FIG. 8 shows an alternative embodiment of the inventive carbide or nitride nanocone field emitters structure. Here a series resistor is incorporated into the field emitter circuit to improve the emission uniformity. A high-electrical-resistivity material 80 such as a semiconductor intermediary layer is disposed between the carbide or nitride emitter surface material 81 and the base carbon template material 82 as the nanoscale resistor. On a carbon nanocone array base structure (FIG. 8(a)), a layer of semiconductor such as doped Si, or amorphous Si or ZnO is deposited as by sputtering, evaporation or CVD (FIG. 8(b)). Then the carbide or nitride field emitter layer is deposited (FIG. 8(c)), again by sputtering, evaporation or CVD. If the resistivity of the is properly chosen, the voltage drop on passing through the resistor layer will of the semiconductor reduce the variance of emission currents between various nanocone emitters. A nanocone which happens to be a better emitter will have a higher emission current as compared to adjacent emitters. The higher current will result in a larger voltage drop through the resistor, which will reduce the electric field near the tip of the best emitters. Such a resistive current limitation on stronger emitters spreads the emission current over more emitters with a less strong emission, thus improving the overall emission uniformity, device reliability and operating lifetime.

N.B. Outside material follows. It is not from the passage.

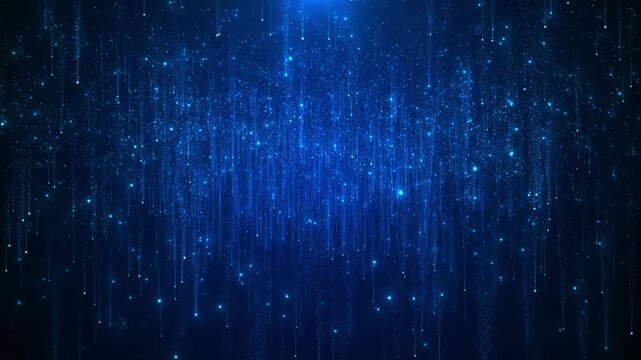 Blue particle rain background falling light trails, glowing dots, deep dark space, digital sparkle texture. technology cyber intros, data overlays, music visuals, broadcast loops, futuristic screens.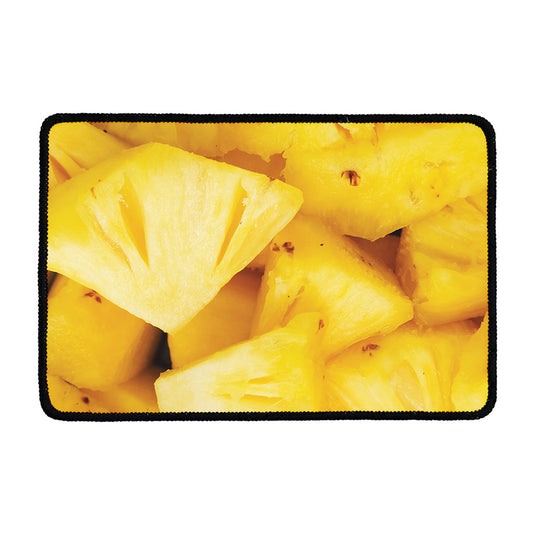 Yellow Pineapple Pieces Print Kitchen Mat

In another alternative embodiment of the invention illustrated in FIG. 9, any sharp-tipped semiconductor nanowires 90 such as Si, ZnO, GaN, Ga—As nanowires can be used as the nanoscale series resistor onto which the carbide or nitride field emitter layer 91 is coated. The carbide or nitride layer can be coated to completely cover the template nanowire (FIG. 9(a)), or just the region near the field emitting tip (FIG. 9(b)). In FIG. 10, yet another alternative embodiment of the inventive carbide or nitride field emitter nanoarray is illustrated. Here, instead of the nanocone array, regular array of nanotubes 100 is utilized as the template onto which the resistor layer 101 and then the carbide or nitride emitting layer 102 are deposited, preferably using oblique incident deposition and substrate rotation.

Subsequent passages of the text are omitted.